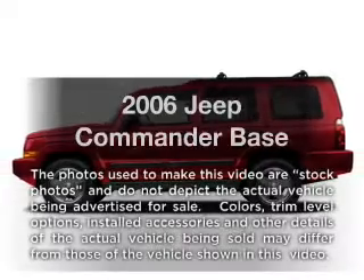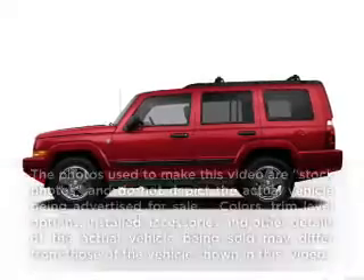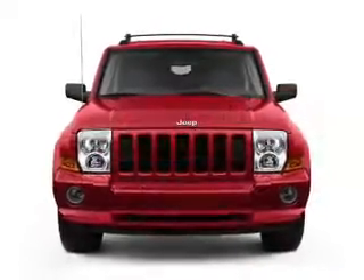Get noticed in this 2006 Jeep Commander. If you're looking for a first-rate auto, this one could be yours today.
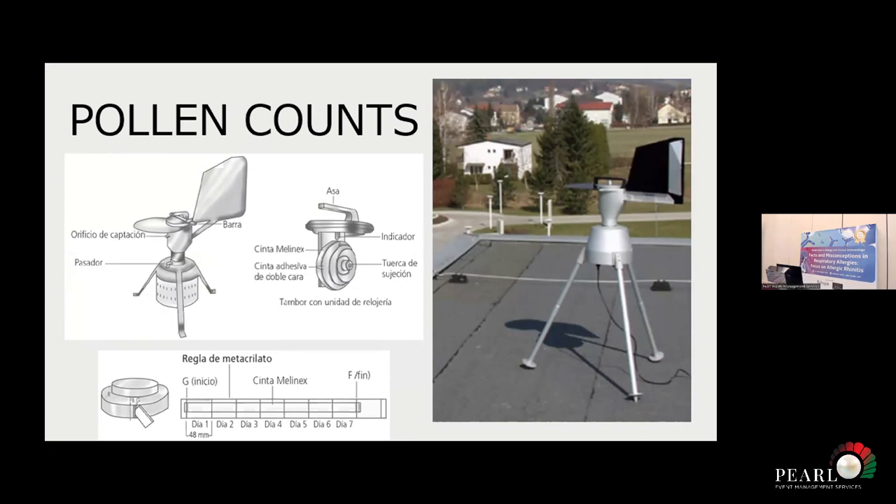Pollen enters through here. There's a drum, and inside the drum there's an adhesive tape that moves continuously. The pollen gets stuck on the tape. We know the type of pollen because we are able to look at it under the microscope and identify the type of pollen. We also know the pollen count — whether it's only one grain, two grains, or 50 grains. That gives us a lot of information.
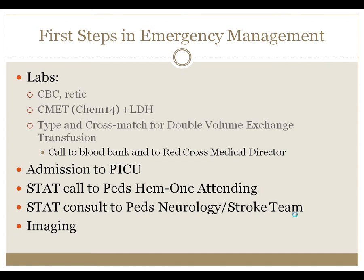The first steps in emergency management are to identify the stroke and obtain basic labs. The labs will include a CBC and retic, and a chemistry profile with LDH. These labs will look for a low hemoglobin, which has been associated with stroke risk both in infarctive and hemorrhagic infarction. LDH is a marker for cell turnover and is an independent risk factor for stroke prognostically.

- Task requirements -
Copy the data exactly. Pictures do not belong in the copy.

- Response to this task -
Get noticed in this 2006 Jeep Commander. If you're looking for a first-rate auto, this one could be yours today.
Pollen enters through here. There's a drum, and inside the drum there's an adhesive tape that moves continuously. The pollen gets stuck on the tape. We know the type of pollen because we are able to look at it under the microscope and identify the type of pollen. We also know the pollen count — whether it's only one grain, two grains, or 50 grains. That gives us a lot of information.
The first steps in emergency management are to identify the stroke and obtain basic labs. The labs will include a CBC and retic, and a chemistry profile with LDH. These labs will look for a low hemoglobin, which has been associated with stroke risk both in infarctive and hemorrhagic infarction. LDH is a marker for cell turnover and is an independent risk factor for stroke prognostically.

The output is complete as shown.